- **Exercise directions**: Look below for the line containing "<p>Berries eaten by", then write out that line and every line after it to the end, exactly, minus the pictures.

Input below:

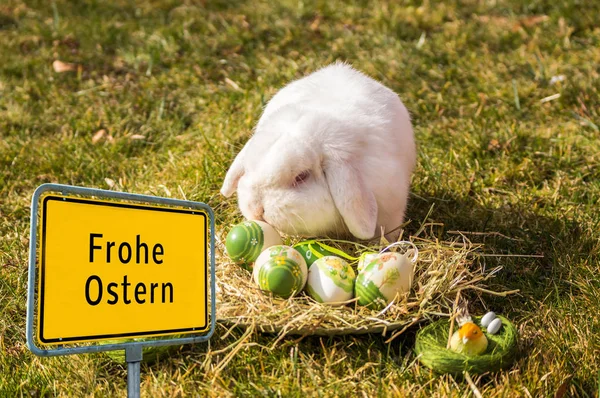 Duitsland "Frohe Ostern" paashaas — Stockfoto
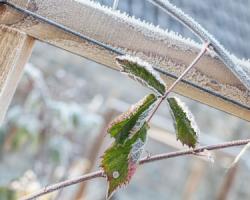 Как спасти растения от весенне-летних заморозков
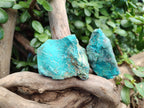 Natural Shattuckite with Chrysocolla Cobbed Specimens x 25 From Kaokoveld, Namibia - Toprock Gemstones and Minerals 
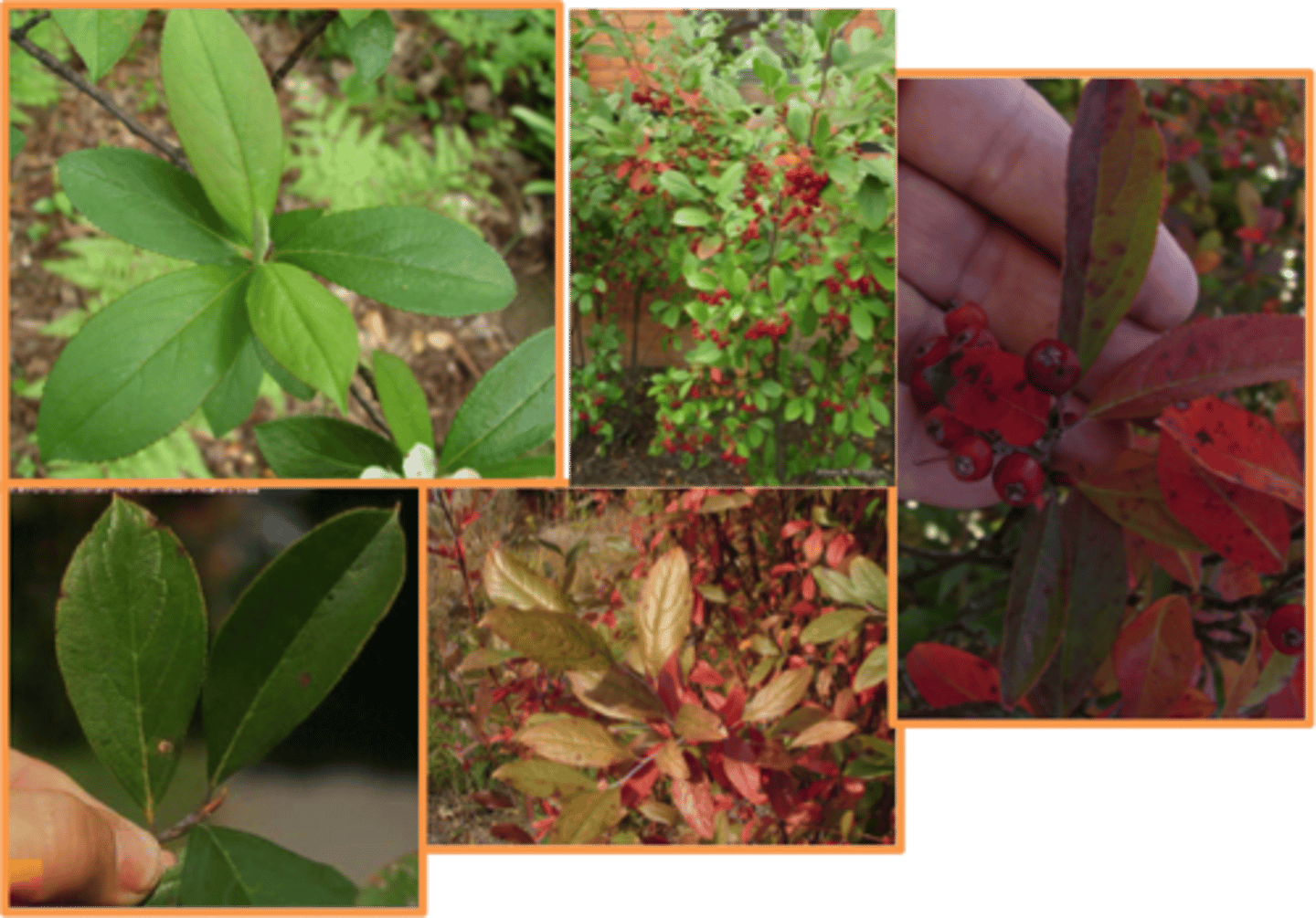 <p>Berries eaten by birds and mammals<br>Native<br>Shrub</p>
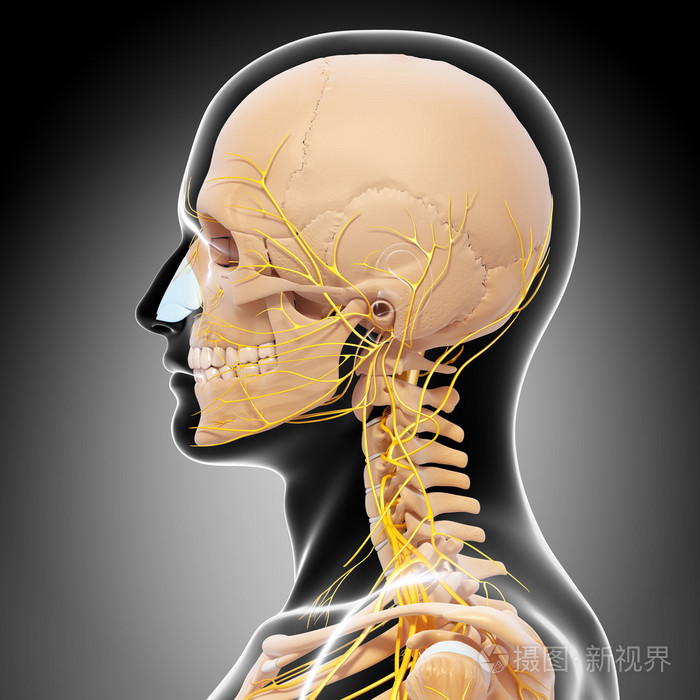 男子边观的头和中枢神经系统的骨架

End of Input.

- **Output for this task**:
 <p>Berries eaten by birds and mammals<br>Native<br>Shrub</p>
 男子边观的头和中枢神经系统的骨架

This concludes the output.